━━━━━ GIVEN ENTRIES

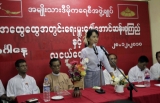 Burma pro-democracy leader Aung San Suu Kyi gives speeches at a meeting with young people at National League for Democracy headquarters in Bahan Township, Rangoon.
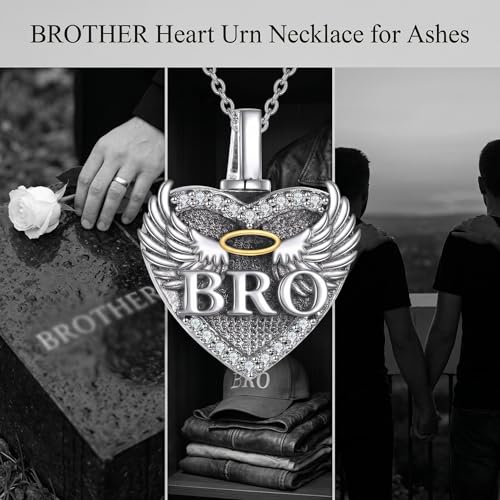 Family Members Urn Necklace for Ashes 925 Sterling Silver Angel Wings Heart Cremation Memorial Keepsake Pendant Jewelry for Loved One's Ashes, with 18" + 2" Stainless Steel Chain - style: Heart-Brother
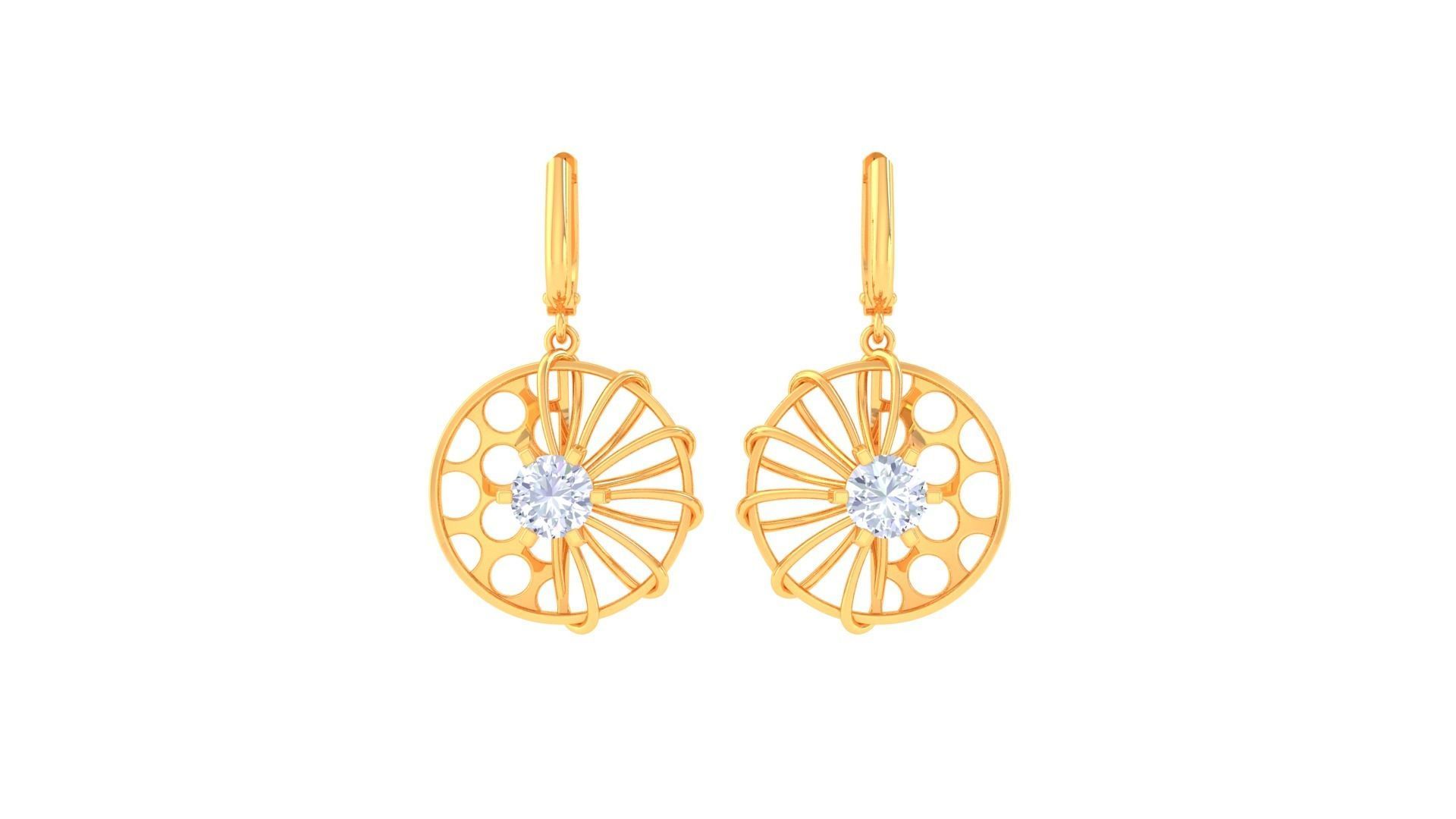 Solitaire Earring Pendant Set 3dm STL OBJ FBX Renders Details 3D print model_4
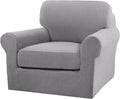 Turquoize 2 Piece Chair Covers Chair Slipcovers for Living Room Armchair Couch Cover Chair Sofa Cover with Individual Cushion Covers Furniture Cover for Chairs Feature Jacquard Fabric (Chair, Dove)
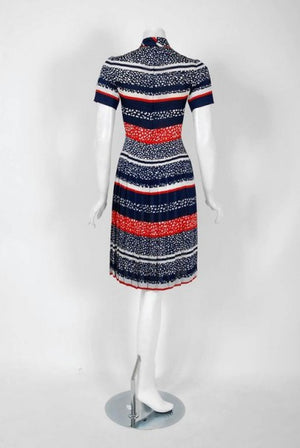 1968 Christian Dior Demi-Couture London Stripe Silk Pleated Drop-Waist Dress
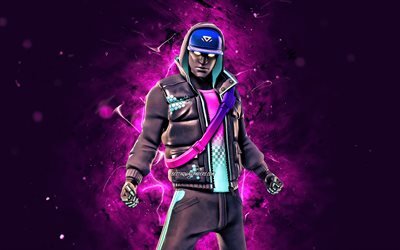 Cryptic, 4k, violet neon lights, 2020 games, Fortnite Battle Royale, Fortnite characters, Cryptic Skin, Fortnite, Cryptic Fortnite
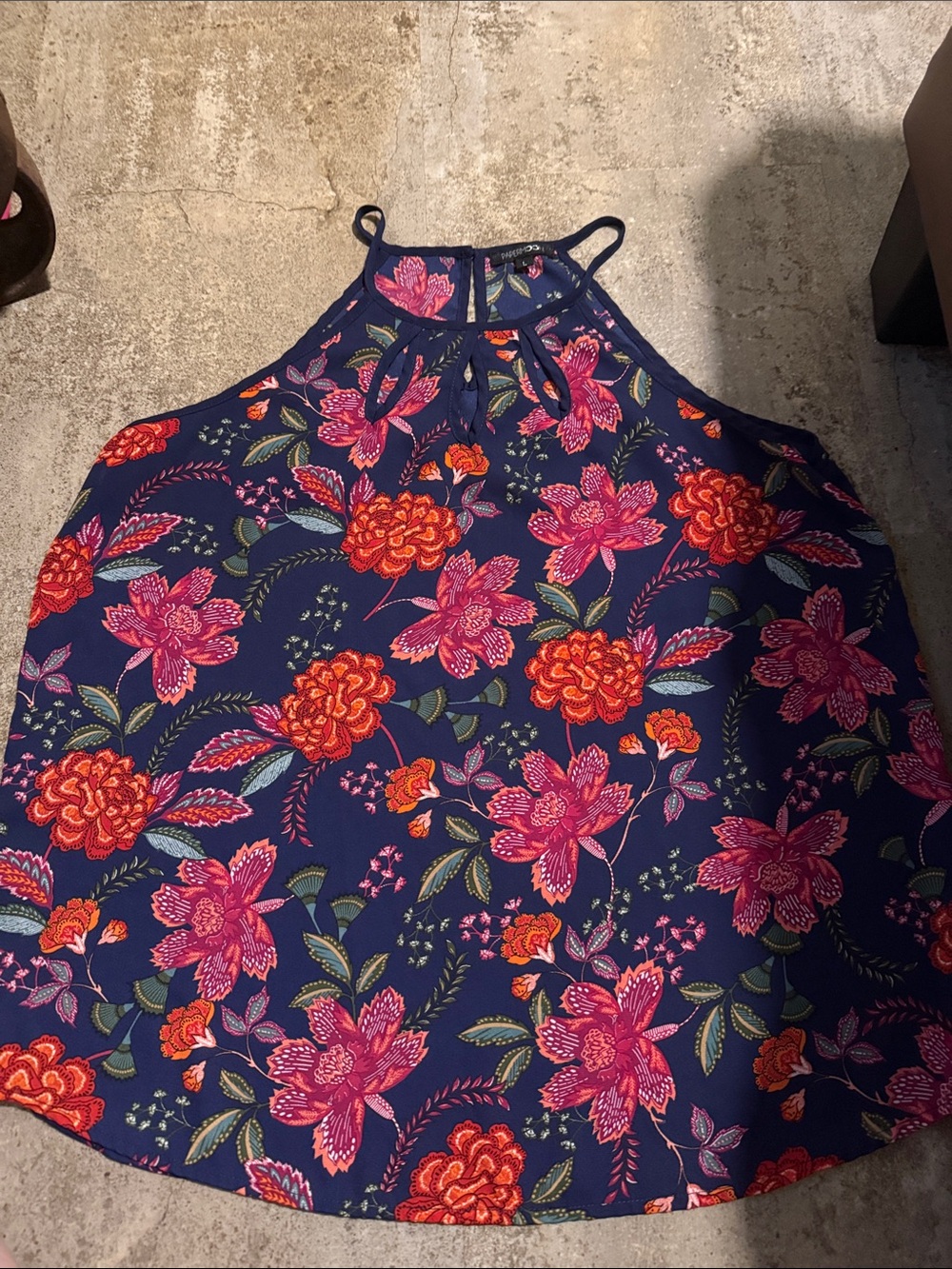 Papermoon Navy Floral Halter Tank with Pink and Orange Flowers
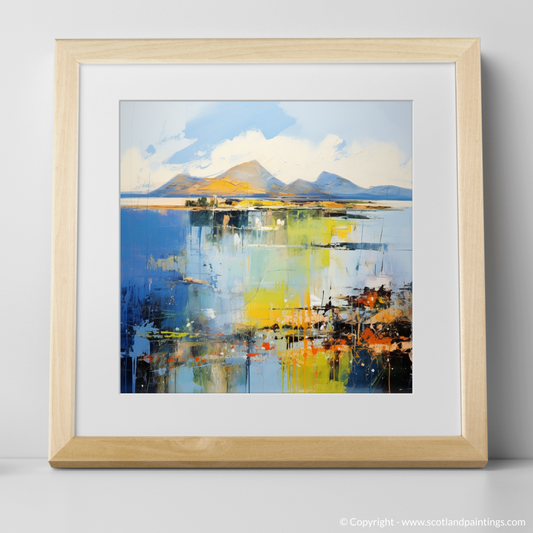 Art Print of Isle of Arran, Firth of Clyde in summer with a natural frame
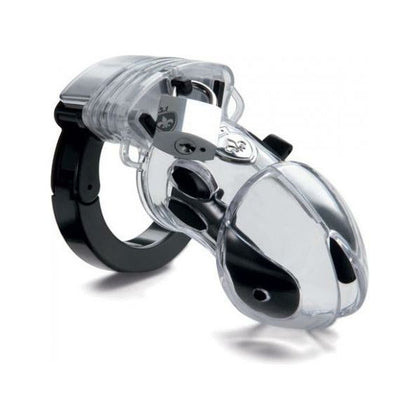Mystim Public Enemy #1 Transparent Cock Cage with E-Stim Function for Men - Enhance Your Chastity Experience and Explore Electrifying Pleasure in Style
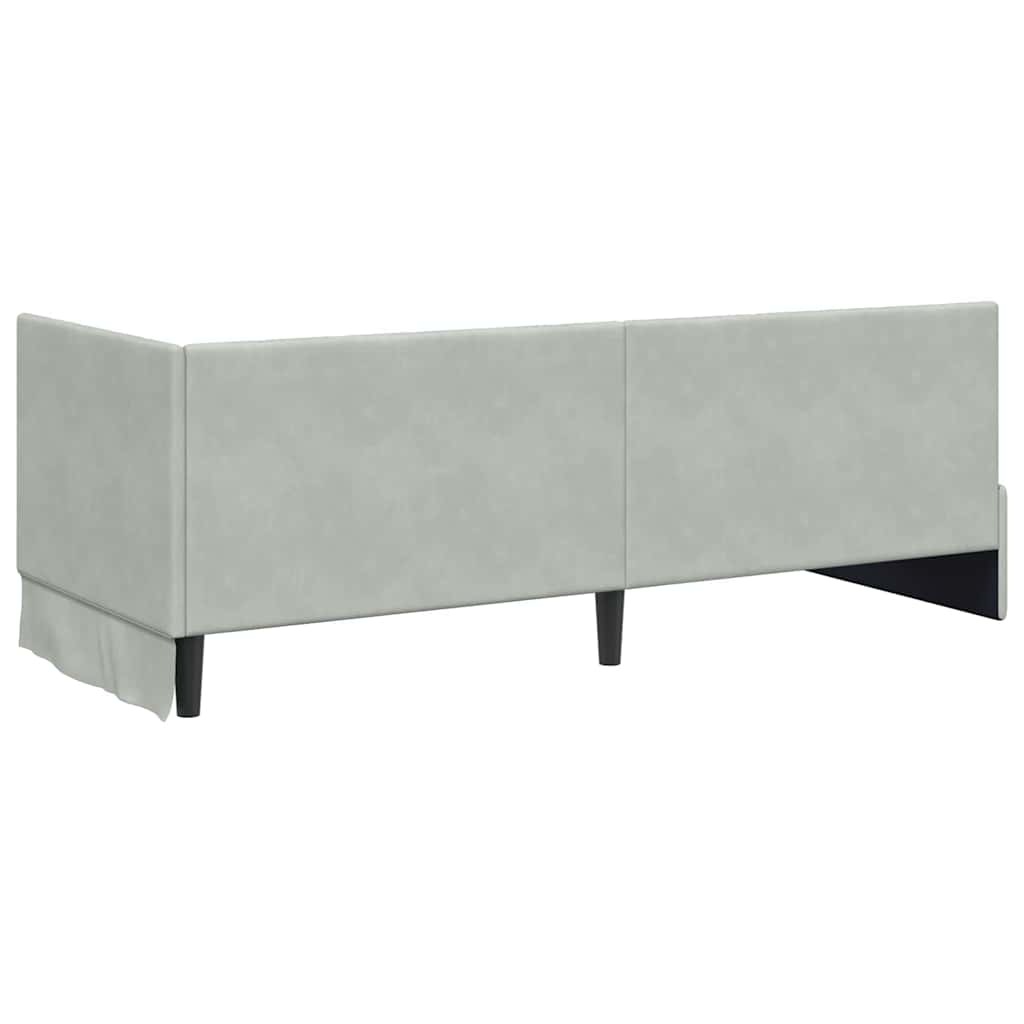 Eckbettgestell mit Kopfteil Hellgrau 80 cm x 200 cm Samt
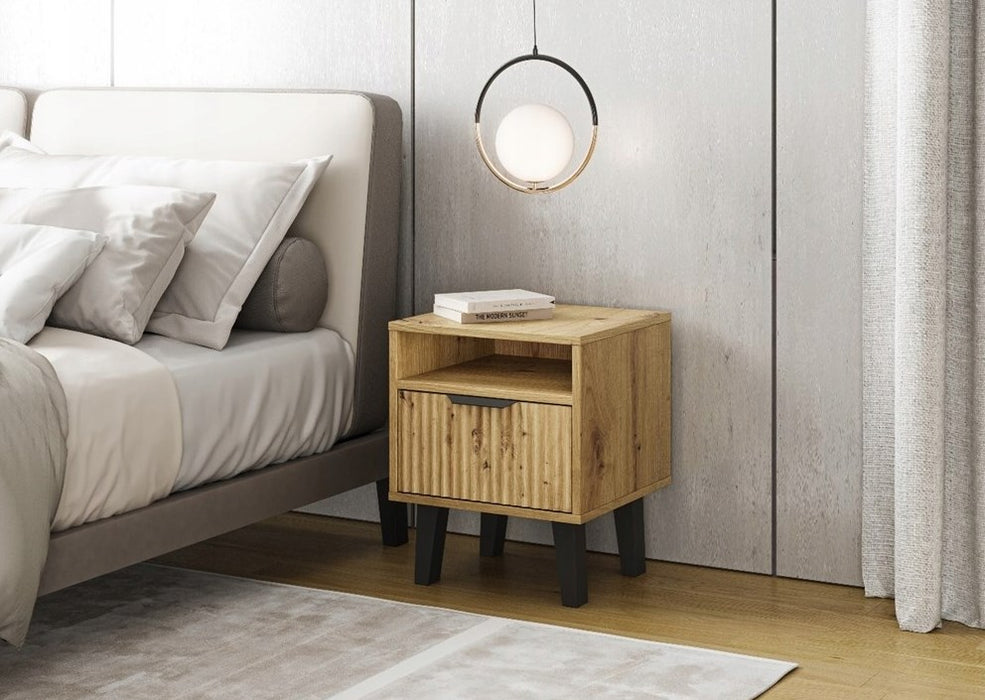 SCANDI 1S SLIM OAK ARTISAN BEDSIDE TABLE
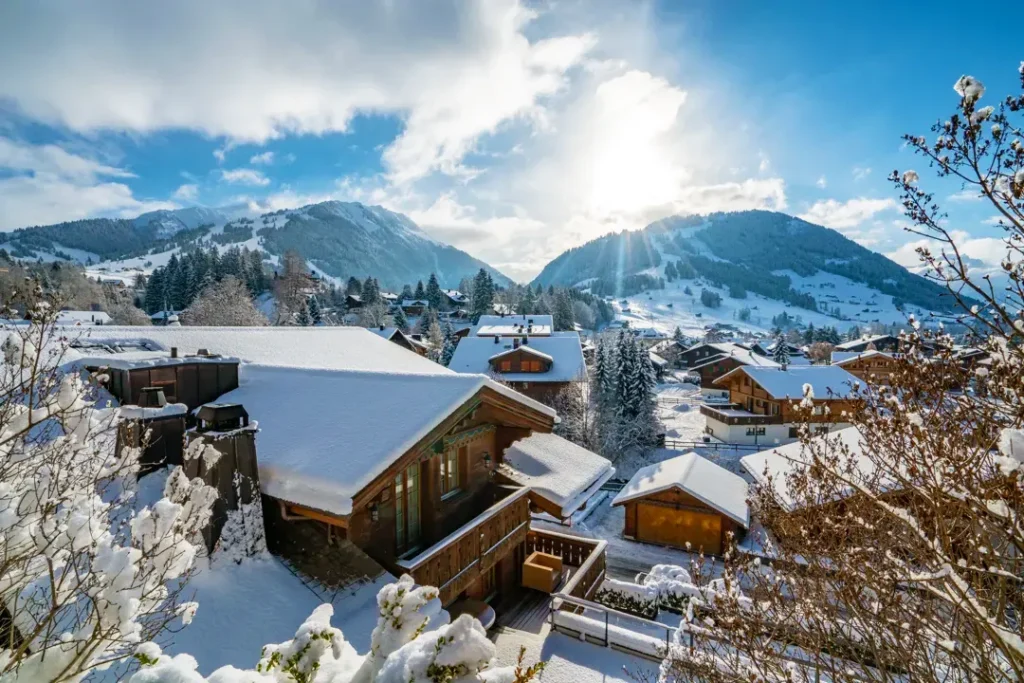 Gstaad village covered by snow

━━━━━━━━━━

__WORK REQUIRED__. Would you retype exactly the lines running from the line that contains "Mystim Public Enemy" through the end of the listing above, both included? Skip every picture.

__PROBLEM SOLUTION__.
Mystim Public Enemy #1 Transparent Cock Cage with E-Stim Function for Men - Enhance Your Chastity Experience and Explore Electrifying Pleasure in Style
 Eckbettgestell mit Kopfteil Hellgrau 80 cm x 200 cm Samt
 SCANDI 1S SLIM OAK ARTISAN BEDSIDE TABLE
 Gstaad village covered by snow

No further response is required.